= MATERIAL PROVIDED =

###

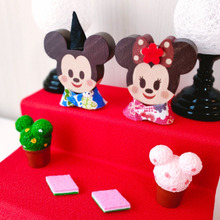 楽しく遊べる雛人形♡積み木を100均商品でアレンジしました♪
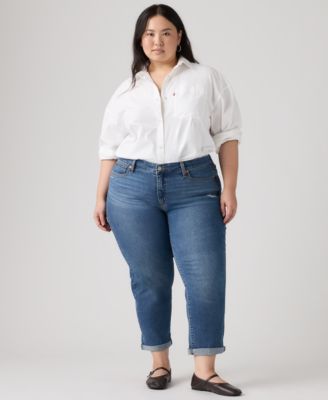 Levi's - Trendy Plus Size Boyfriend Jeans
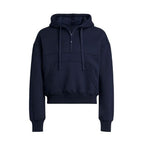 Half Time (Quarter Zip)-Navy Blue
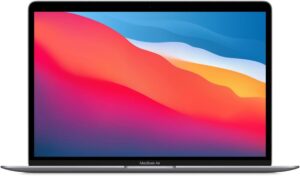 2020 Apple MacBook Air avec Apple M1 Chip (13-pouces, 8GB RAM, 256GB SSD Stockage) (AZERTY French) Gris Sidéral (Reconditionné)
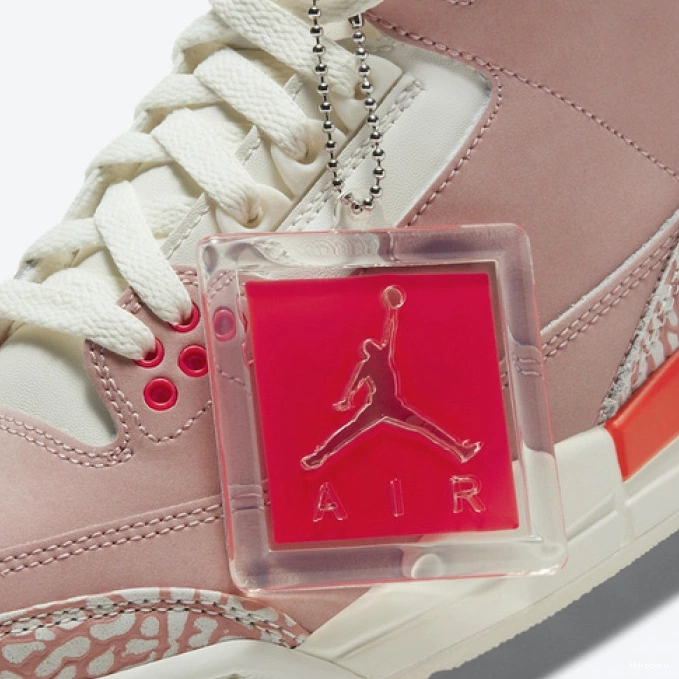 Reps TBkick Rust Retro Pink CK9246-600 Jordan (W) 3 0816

###

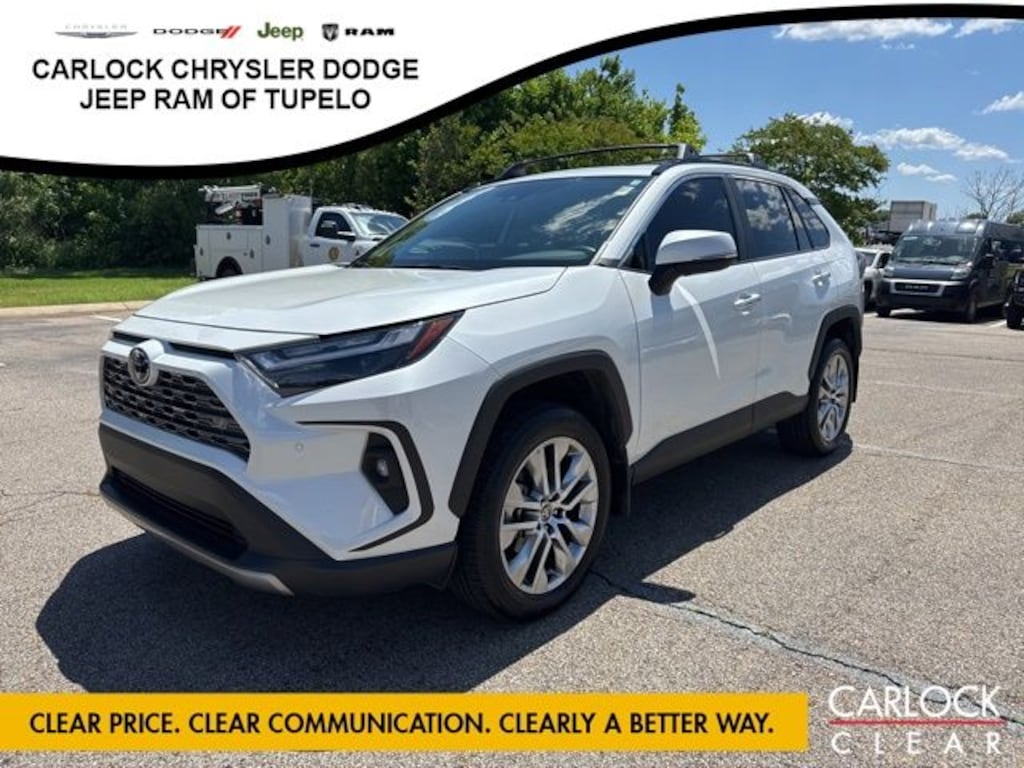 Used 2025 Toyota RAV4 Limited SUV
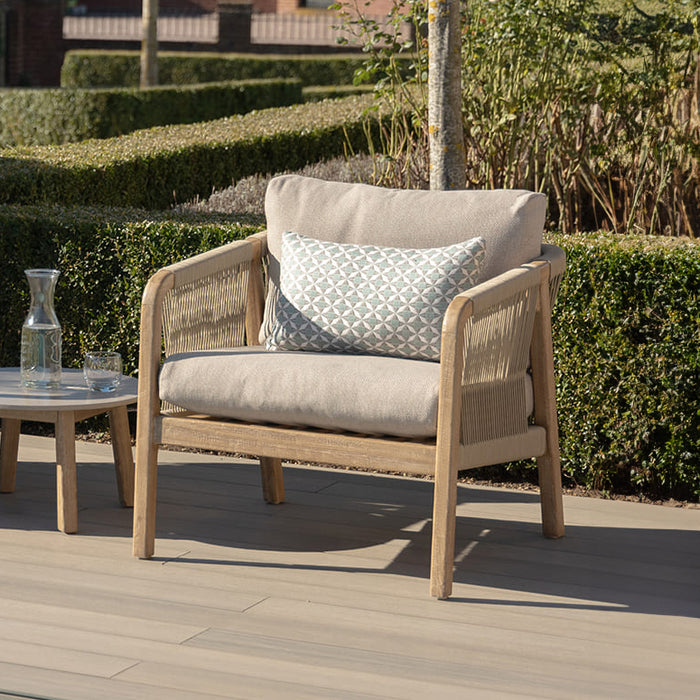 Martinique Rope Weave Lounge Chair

###

= AIM OF THE EXERCISE =
Having found the line with "Levi's - Trendy Plus Size Boyfriend Jeans" and the line with "Reps TBkick Rust" in the material above, write out exactly those two and every line between, leaving the pictures out.

= EXERCISE OUTPUT =
 Levi's - Trendy Plus Size Boyfriend Jeans
 Half Time (Quarter Zip)-Navy Blue
 2020 Apple MacBook Air avec Apple M1 Chip (13-pouces, 8GB RAM, 256GB SSD Stockage) (AZERTY French) Gris Sidéral (Reconditionné)
 Reps TBkick Rust Retro Pink CK9246-600 Jordan (W) 3 0816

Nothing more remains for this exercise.